START Task inputs
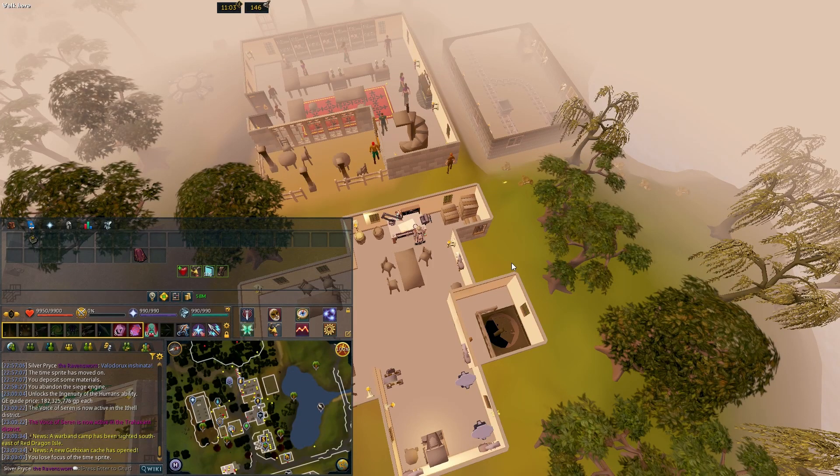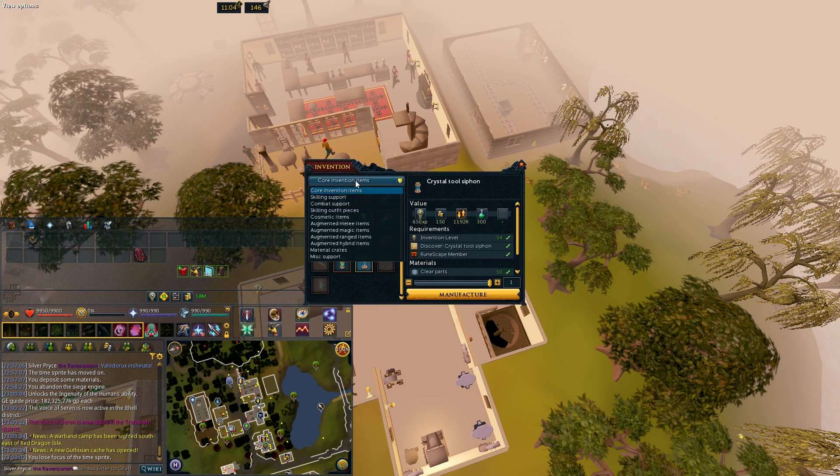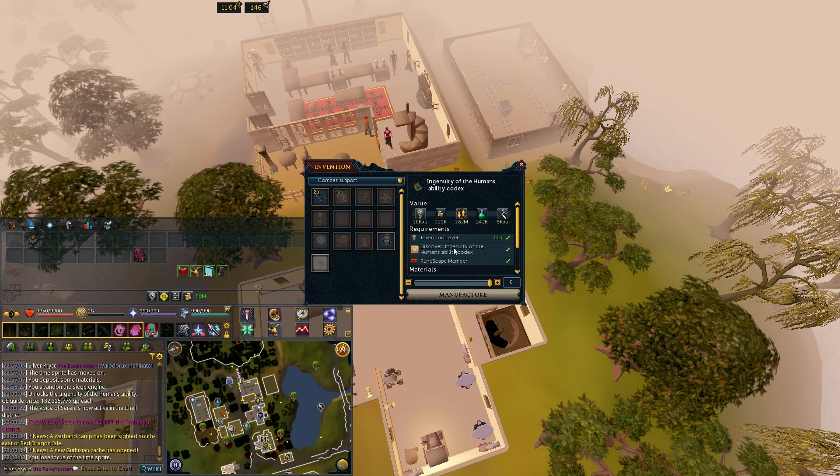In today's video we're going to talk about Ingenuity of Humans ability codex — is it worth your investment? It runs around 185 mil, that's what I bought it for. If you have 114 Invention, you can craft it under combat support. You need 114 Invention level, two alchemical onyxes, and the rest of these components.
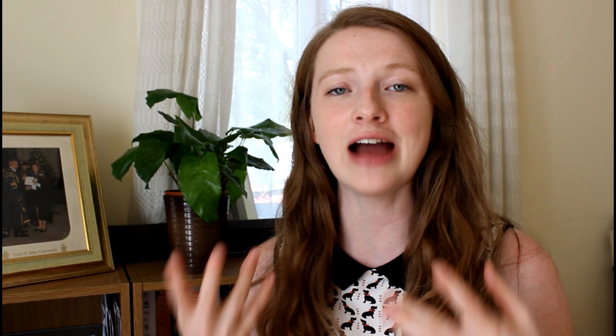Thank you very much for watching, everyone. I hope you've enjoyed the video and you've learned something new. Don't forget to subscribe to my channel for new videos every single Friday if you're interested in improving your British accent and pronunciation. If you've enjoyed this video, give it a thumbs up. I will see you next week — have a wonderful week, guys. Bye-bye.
END Task inputs
START Task inputs
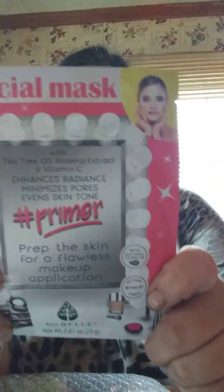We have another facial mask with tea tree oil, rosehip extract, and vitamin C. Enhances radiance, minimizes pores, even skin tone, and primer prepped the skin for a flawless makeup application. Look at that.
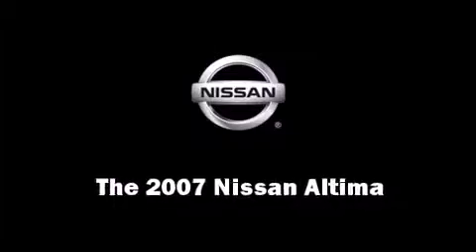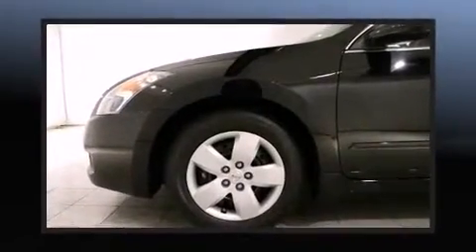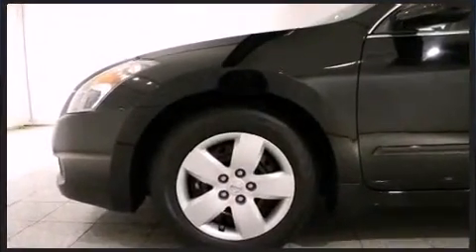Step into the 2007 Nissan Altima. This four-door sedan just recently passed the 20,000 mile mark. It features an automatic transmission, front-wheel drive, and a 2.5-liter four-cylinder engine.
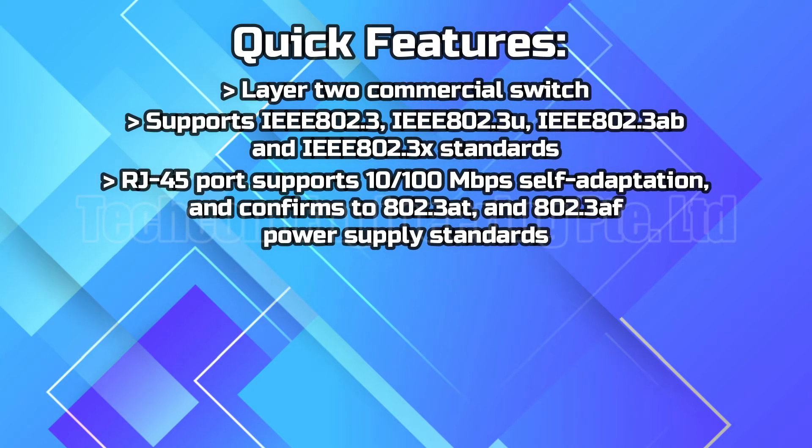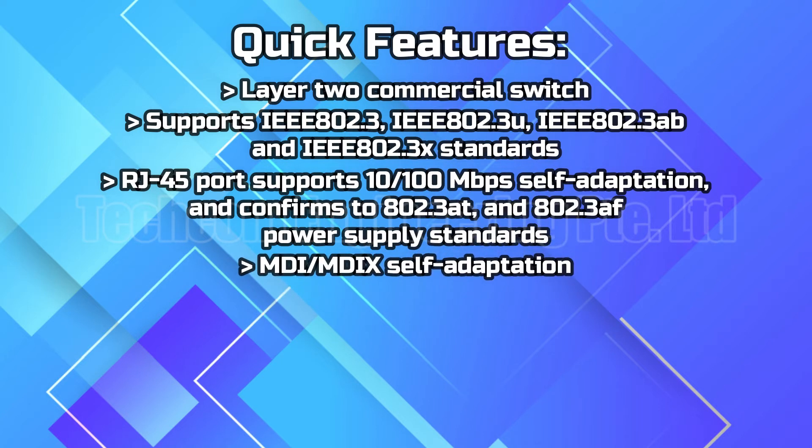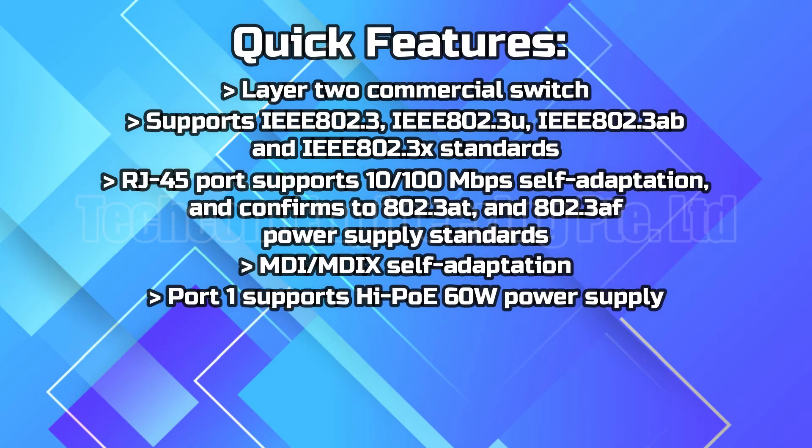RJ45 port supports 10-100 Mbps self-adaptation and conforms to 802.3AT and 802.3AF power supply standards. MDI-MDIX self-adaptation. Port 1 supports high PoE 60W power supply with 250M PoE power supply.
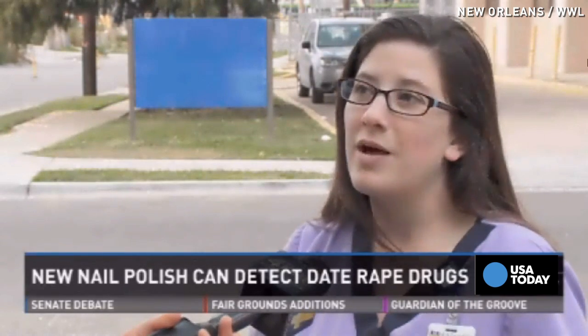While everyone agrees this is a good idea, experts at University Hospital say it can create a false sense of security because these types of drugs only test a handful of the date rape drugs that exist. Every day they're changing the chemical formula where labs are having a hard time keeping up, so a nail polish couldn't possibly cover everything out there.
END Task inputs
START Task inputs
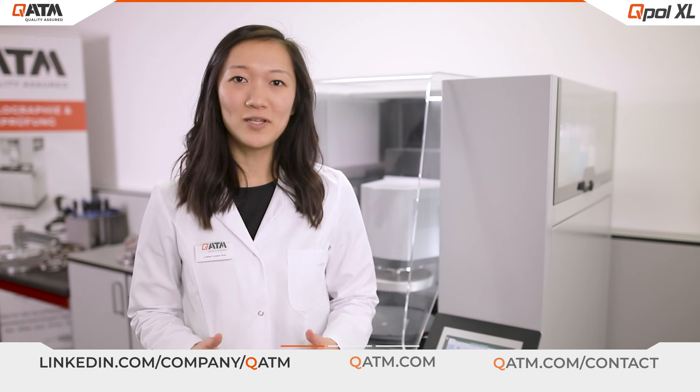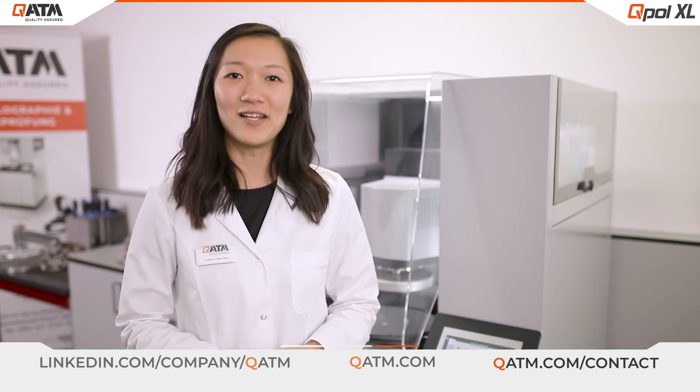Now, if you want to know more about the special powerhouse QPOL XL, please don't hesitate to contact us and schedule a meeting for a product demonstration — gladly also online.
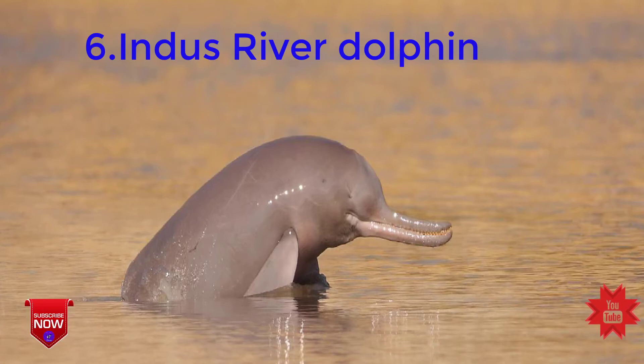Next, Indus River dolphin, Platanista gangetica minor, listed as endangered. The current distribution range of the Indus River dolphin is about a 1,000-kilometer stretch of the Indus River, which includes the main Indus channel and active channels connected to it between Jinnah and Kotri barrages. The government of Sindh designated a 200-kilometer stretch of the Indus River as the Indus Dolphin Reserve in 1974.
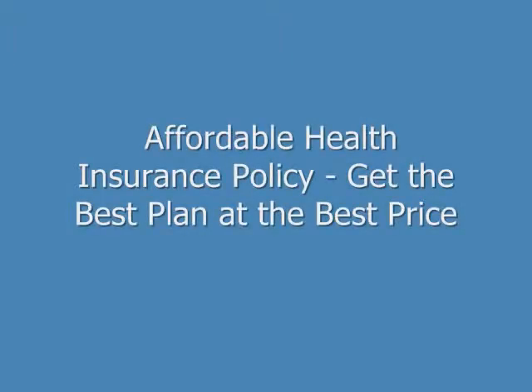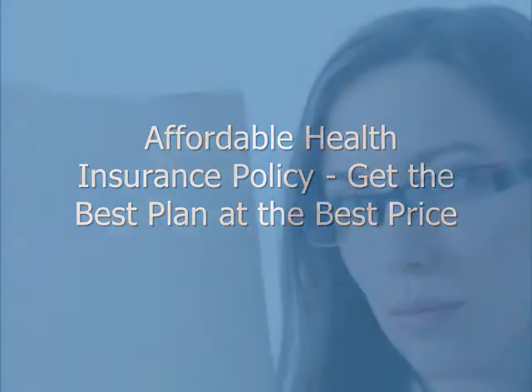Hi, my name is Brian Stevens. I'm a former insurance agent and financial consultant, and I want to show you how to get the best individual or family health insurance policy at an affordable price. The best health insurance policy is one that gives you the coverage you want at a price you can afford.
END Task inputs
What you will do: Write down exactly what the lines above say, from the line holding "We have another" through the line holding "While everyone agrees", and nothing more. Do not copy the pictures.

Task answer:
We have another facial mask with tea tree oil, rosehip extract, and vitamin C. Enhances radiance, minimizes pores, even skin tone, and primer prepped the skin for a flawless makeup application. Look at that.
Step into the 2007 Nissan Altima. This four-door sedan just recently passed the 20,000 mile mark. It features an automatic transmission, front-wheel drive, and a 2.5-liter four-cylinder engine.
RJ45 port supports 10-100 Mbps self-adaptation and conforms to 802.3AT and 802.3AF power supply standards. MDI-MDIX self-adaptation. Port 1 supports high PoE 60W power supply with 250M PoE power supply.
While everyone agrees this is a good idea, experts at University Hospital say it can create a false sense of security because these types of drugs only test a handful of the date rape drugs that exist. Every day they're changing the chemical formula where labs are having a hard time keeping up, so a nail polish couldn't possibly cover everything out there.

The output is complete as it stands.